Dwa miliony złotych z Polskiego Ładu na infrastrukturę nad jeziorem Gałęźnym uzyskała Kościerzyna. Co zmieni się na tym jedynym miejskim kąpielisku? O to Grzegorz Armatowski zapytał Michała Majewskiego, burmistrza Kościerzyny.
– To projekt, który pokazuje, że dążąc konsekwentnie do celu, może się udać. Przygotowaliśmy projekt, koncepcję, plan zagospodarowania. Przygotowaliśmy się do realizacji tego zadania, wykupując grunty pod poszerzenie drogi. Na tym etapie chcielibyśmy wybudować parking przy jeziorze Gałęźnym oraz budynek, będący zapleczem dla KOSiR-u i Wodnego Ochotniczego Pogotowia Ratunkowego – mówi burmistrz Kościerzyny.
UŁATWIENIE RÓWNIEŻ DLA OKOLICZNYCH MIESZKAŃCÓW
Z parkowaniem faktycznie jest na tę chwilę problem. Mieszkańcy ulicy Słonecznej skarżą się, że samochody stoją wzdłuż ich posesji i tarasują przejazd.
– Dodatkowym utrudnieniem w suche lato jest kurz, który tam powstaje. To myślę, że będzie najważniejsze. Zamierzamy sukcesywnie realizować inwestycję. Budynek ma powstać w ramach tego projektu. Jak pozostaną środki, zajmiemy się też małą architekturą. Planujemy ławki, a nawet jakieś boisko do gry w siatkówkę plażową. Wszystko zależy od tego, jak uda się to zrealizować i rozstrzygnąć po przetargu – zapowiada Majewski.

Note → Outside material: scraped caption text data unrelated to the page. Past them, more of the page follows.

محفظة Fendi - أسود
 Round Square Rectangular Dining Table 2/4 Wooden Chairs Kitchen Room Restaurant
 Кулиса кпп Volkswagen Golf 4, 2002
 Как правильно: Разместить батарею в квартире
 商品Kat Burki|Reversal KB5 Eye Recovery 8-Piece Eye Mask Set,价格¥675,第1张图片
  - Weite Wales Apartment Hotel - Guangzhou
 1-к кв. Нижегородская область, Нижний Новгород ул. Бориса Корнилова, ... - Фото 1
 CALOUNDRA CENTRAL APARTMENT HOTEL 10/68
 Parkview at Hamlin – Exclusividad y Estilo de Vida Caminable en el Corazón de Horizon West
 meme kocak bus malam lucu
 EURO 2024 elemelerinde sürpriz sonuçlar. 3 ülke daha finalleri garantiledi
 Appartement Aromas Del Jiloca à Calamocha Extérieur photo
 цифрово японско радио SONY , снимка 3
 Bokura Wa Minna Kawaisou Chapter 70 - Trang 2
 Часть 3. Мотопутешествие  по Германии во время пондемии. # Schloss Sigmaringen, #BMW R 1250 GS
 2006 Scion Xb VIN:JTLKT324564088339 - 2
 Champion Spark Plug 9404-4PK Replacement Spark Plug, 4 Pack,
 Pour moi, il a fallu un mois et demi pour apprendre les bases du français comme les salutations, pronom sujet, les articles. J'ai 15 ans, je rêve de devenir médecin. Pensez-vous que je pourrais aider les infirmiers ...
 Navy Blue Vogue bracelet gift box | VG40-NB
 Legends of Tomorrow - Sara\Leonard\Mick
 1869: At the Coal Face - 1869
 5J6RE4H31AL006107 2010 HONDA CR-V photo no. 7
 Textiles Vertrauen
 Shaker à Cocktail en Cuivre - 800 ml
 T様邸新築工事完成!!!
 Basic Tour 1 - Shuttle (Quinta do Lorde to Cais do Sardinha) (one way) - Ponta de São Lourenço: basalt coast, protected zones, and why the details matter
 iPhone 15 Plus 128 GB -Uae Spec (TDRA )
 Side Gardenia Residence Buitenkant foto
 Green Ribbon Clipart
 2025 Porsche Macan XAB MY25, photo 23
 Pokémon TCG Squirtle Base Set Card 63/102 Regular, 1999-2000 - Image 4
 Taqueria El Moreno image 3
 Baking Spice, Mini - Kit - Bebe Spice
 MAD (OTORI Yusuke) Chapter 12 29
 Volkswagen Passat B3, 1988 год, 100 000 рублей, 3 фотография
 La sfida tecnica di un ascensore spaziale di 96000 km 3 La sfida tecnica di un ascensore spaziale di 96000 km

CAŁOROCZNE MIEJSCE WYPOCZYNKU
– Wszystkim zarządza Kościerski Ośrodek Sportu i Rekreacji. Z tego miejsca nie korzysta się tylko w okresie letnim. Ludzie coraz częściej morsują tam zimą, a także odwiedzają jezioro w okresie wiosennym i jesiennym. Jeżeli zagospodarujemy tam trochę więcej atrakcji, to mam nadzieję, że miejsce stanie się całoroczne. Liczymy, że uda się zrobić trakt spacerowy. Nie chcę obiecywać, ale będziemy się starać, żeby infrastruktura powstała do przyszłego sezonu. Mamy kompletny projekt, mamy pozwolenie na budowę – zapowiada burmistrz.